Program studi yang akhirnya, membukakan mata betapa masyarakat Indonesia tertinggal jauh dalam bidang perlindungan Hak Kekayaan Intelektual dan Alih Teknologi, kendati pemerintahnya telah meratifikasi dan menandatangani kesepakatan perlindungan hak kekayaan intelektual internasional.
Lebih-lebih jika dibandingkan dengan negera-negera yang sempat ia kunjungi selama menempuh studi di Kings College, University of London. Ia juga menyadari bahwa ternyata, negara-negara yang sudah meratifikasi Intellectual Property Rights, itu adalah negara-negara yang industri kreativenya sudah tumbuh dan industri inovasinya sudah terbangun, sehingga mereka tidak hanya menjadi pasar, tetapi juga bisa bersaing dan bermain dalam pasar global.
“Tidak usah jauh-jauh, dibanding India, Thailand, dan Srilangka, mereka lebih jago dalam mengemas produk pertanian dari kampung menjadi komoditi berkualitas ekspor,” ujar Helianti yang selama dan setelah studi S2 berkesempatan keliling ke lebih dari 35 negara Asia dan Eropa.
“Sementara, Indonesia yang memiliki kekayaan aneka ragam hayati dan pangan, industri creative-nya belum tumbuh. Masyaraktnya masih belum memiliki ketrampilan dalam mengelola aset bahan baku, hingga mampu bersaing di pasar internasional,” lanjutnya.

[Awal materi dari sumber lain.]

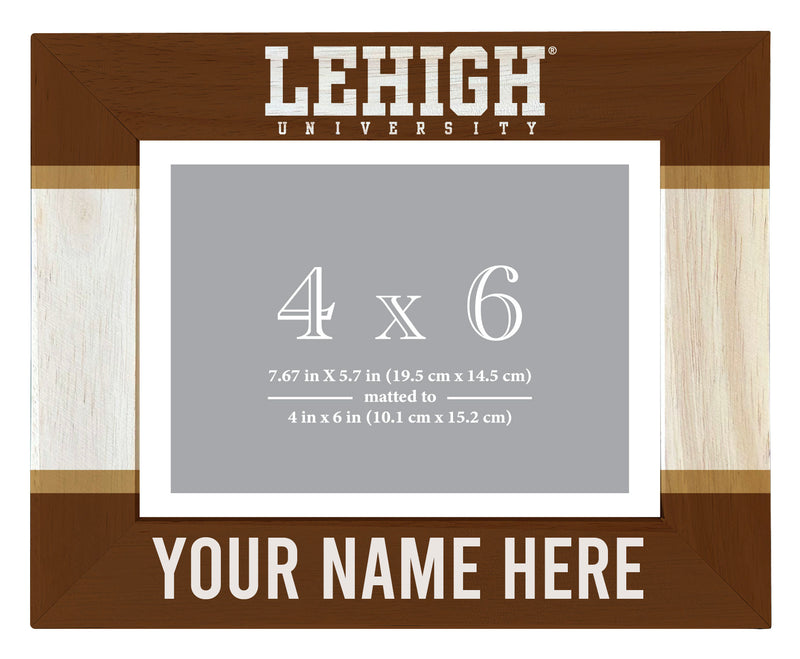 Lehigh University Mountain Hawks Customizable Wooden Photo Frame Matted 4"x 6" Officially Licensed Collegiate Product Printed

Kegemesan ini, ditambah dorongan dari profesor yang membimbingnya saat mengambil gelar S2, untuk segera pulang ke kampung halaman agar bisa lebih berguna bagi pengembangan industri kreative di negara asal, semakin membuatnya termotivasi untuk terjun ke bidang industri inovasi berbasis bahan pangan lokal ini.